|Phone:||+49 7071 601-1359|
The functions of proteins rely on their structures and the structural changes they can undergo. Structural biology hence provides unique insights into biomolecular function and thereby into cellular processes. Furthermore, the knowledge of protein structures is an invaluable starting point in the development of drugs to treat human disease. Nuclear magnetic resonance (NMR) spectroscopy is the only method available to study biomolecular structure and dynamics with atomic resolution in solution. NMR provides information on the three-dimensional fold of proteins and the way proteins interact with other biomolecules. Finally, NMR spectroscopy gives insights into how protein complexes move and change conformation, aspects that are important for many enzymatic reactions. The information gained by NMR about biomolecular structure, interactions and dynamics allows us to understand how proteins are able to perform specific tasks in the cell.
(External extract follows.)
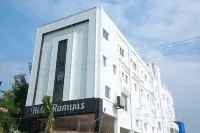 Hotel Ramyas Hotels near KVR Department store - Attanam Patti villege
NMR spectroscopy exploits a physical property called “spin” that certain atoms (e.g. 1H, 13C, and 15N) possess. If a protein is placed in a strong magnetic field, these atoms resonate at a “spin-frequency” that is unique to each atom. Since the resonance frequency depends on the chemical environment of the atom, it provides information about the atomic structure of the protein. The Max Planck Institute for Developmental Biology installed two state-of-the-art NMR magnets (600 and 800 MHz spectrometers) in the summer of 2008 that are currently in full operation. Both machines are used by four research groups (see below) and have already enabled us to gain exciting novel insights into biomolecular function.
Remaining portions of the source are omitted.